The world’s biggest social media company appears dead-set on launching its own cryptocurrency.
Facebook has yet to announce plans publicly but media reports on its crypto ambitions have emerged over the past six months, painting a partial picture of how the social network wants to capitalize on blockchain technology.
In short, a team led by former PayPal president David Marcus is building an asset-backed cryptocurrency, one designed to operate within the company’s existing messaging infrastructure (WhatsApp, Instagram and Facebook Messenger).
The most recent news on the project comes from the BBC, with the British outlet reporting that the cryptocurrency – called “GlobalCoin” internally – will launch in “about a dozen countries by the first quarter of 2020.”
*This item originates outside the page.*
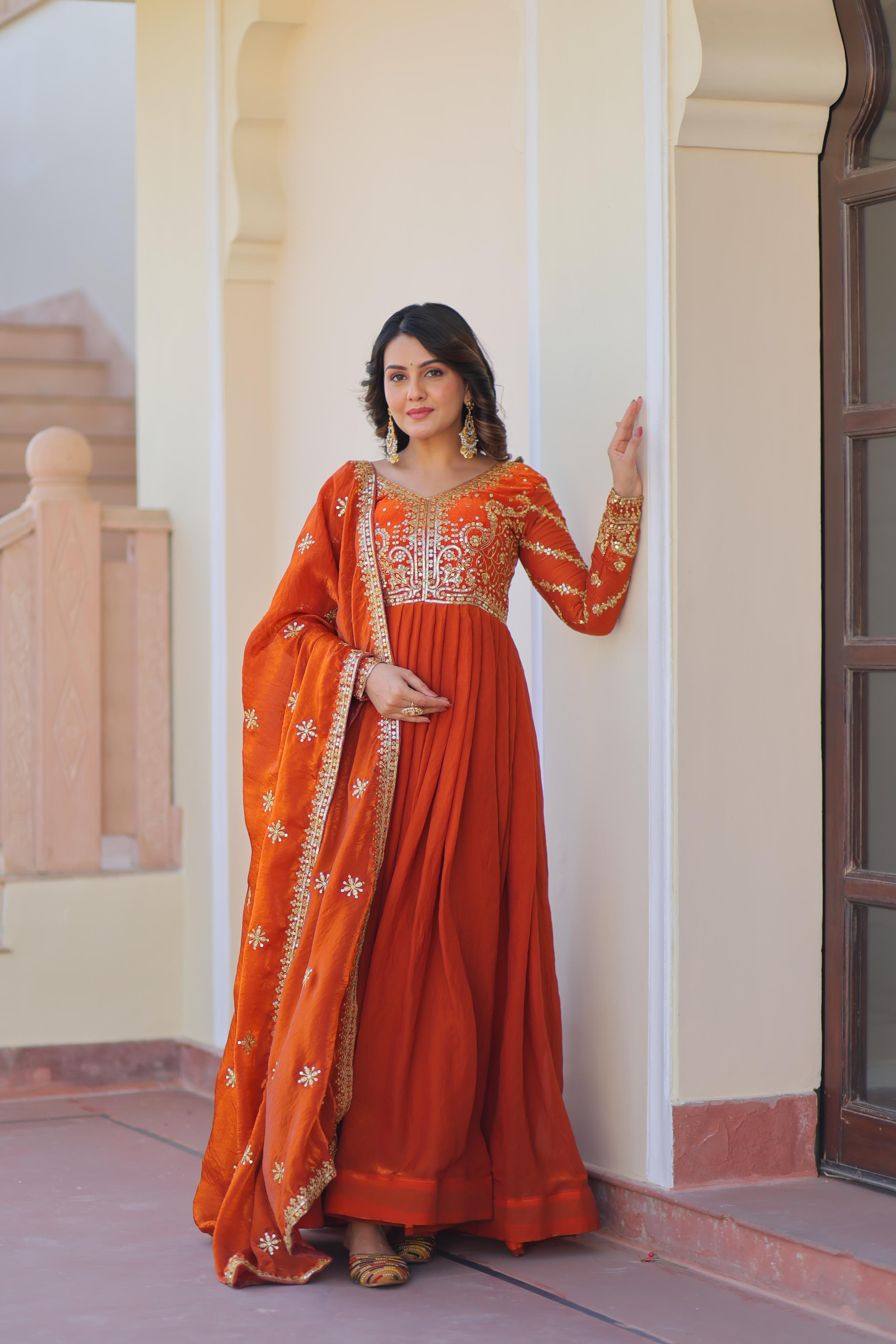 Evanik Orange Fendy Fabric With Zari & Sequins Embroidered work Gown Dupatta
However, the signs that Mark Zuckerberg’s company wanted to diversify into fintech first materialized as far back as 2017.
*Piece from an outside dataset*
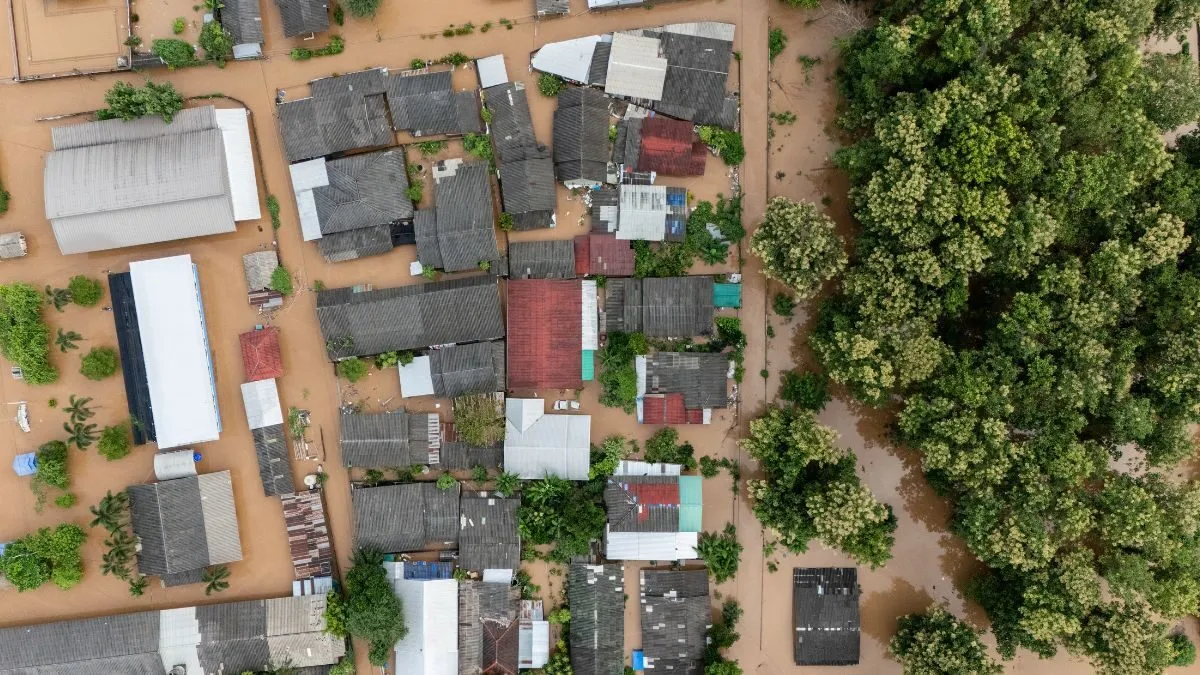 Aerial view of muddy floodwaters surrounding homes, roads and trees in a densely built settlement.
Below is a rundown of what is known so far about Facebook’s cryptocurrency.
Looking back, the first sign that Facebook was prepared to be very serious about distributed ledger technology came in December 2017, when David Marcus joined Coinbase’s board of directors.
At the time, Marcus was the vice president of messaging products at Facebook. This would have included two of the biggest messaging platforms in the world, Messenger and WhatsApp (which Facebook acquired in February 2014 for $19 billion).
Though giants in their category, neither of Facebook’s messengers have the payments functionality enjoyed by their top rival: China’s WeChat.
But Marcus was president of PayPal, the U.S.’s leading online payments company. He’s no stranger to solving this category of tech problems.